Ronan Farrow's game-changing New Yorker feature, which ran last October following The New York Times' own explosive piece, helped to bring accusations of sexual harassment by media mogul Harvey Weinstein to light.
In a new cover story for The Hollywood Reporter, the journalist opened up about the hurdles he faced in getting the story published, as well as the factors that helped him determinedly push the story through despite blowback and threats.
"There were a number of people who did tell me, 'Look, you've got to drop this, this is causing too many speed bumps for you,'" he said. "Harvey Weinstein reveals how the most powerful men in this country have tendrils in to every kind of institution. That is one reason why I switched agencies." (Farrow switched from CAA to WME last December despite CAA's public apology following the Weinstein fallout).
As he uncovered more in his reporting, Farrow said, he recognized that his employer NBC News, where he had originally pitched the piece, would not provide him with the support he needed to get the story out there. NBC strongly disputes Farrow's claims that it tried to quash the story.
Farrow also noted that during his year of reporting, he was followed by "mysterious men," received threatening phone calls and was even approached by an undercover female Black Cube agent – the very same one that also ingratiated herself with Rose McGowan by posing as a women’s rights advocate.
His famous mother, Mia Farrow, told THR that she became seriously concerned for her son's safety as he got deeper into the investigation.
"He shared enough of what he was uncovering for me to be increasingly concerned for his safety," she said. "But he knew and I knew that it was a moral issue. He had to continue, even when that meant putting a lot on the line."

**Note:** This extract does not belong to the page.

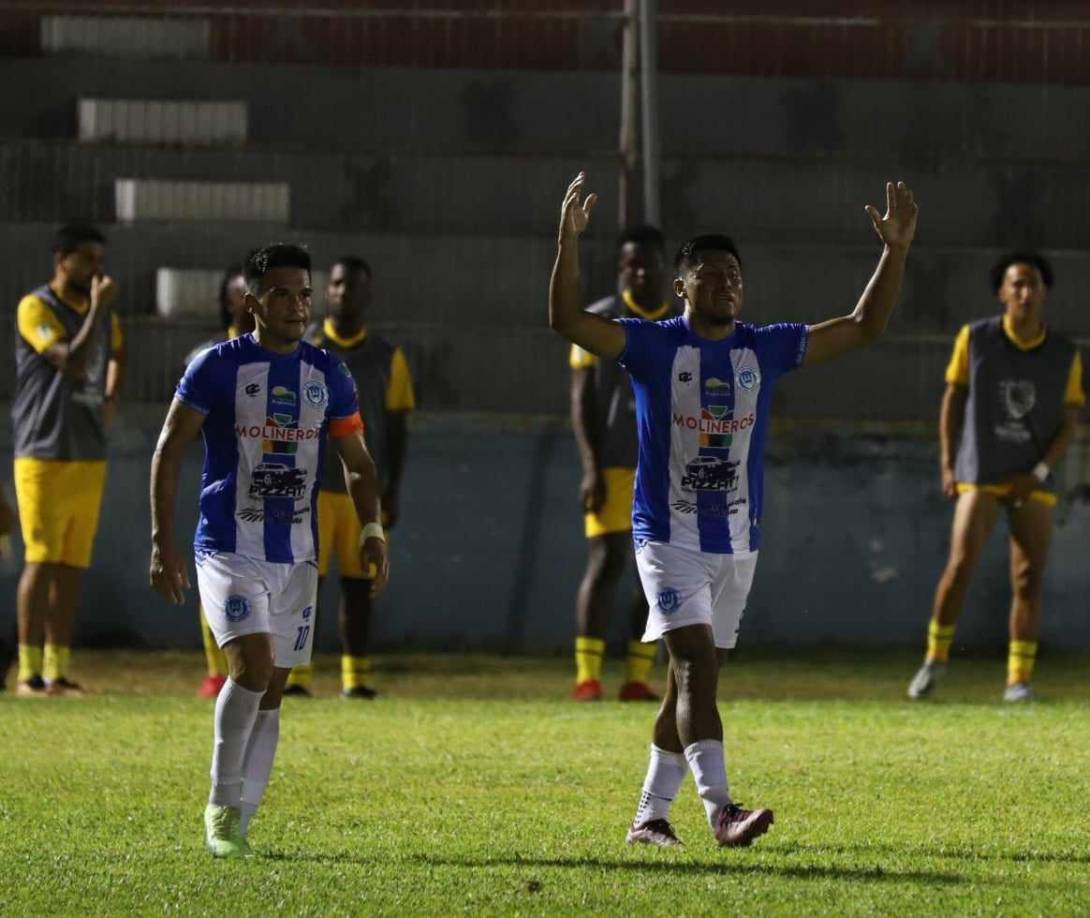 Cinco minutos después, Frelys López cruzó al arquero aurinegro para el colocar el 2-1 sobre el final del primer tiempo.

Asked whether he believed that his own family's history with allegations of abuse may have led him to pursue the story as a personal vendetta, the journalist clarified how the two were and were not related. (Ronan's older sister, Dylan Farrow, has long maintained that their father, Woody Allen, molested her when she was seven years old).
"You see early in life with that kind of a family background the way in which the most powerful men in America wield power for good and for ill," he said. "And probably, yes, the family background made me someone who understood the abuse of power from an early age. … I didn't want to confront this. I wanted to move on."
Added Mia of Ronan's reporting on Weinstein, "It's not a subject we discussed as a family. I never got the sense the Weinstein story was personal for him. He was a reporter on a huge assignment."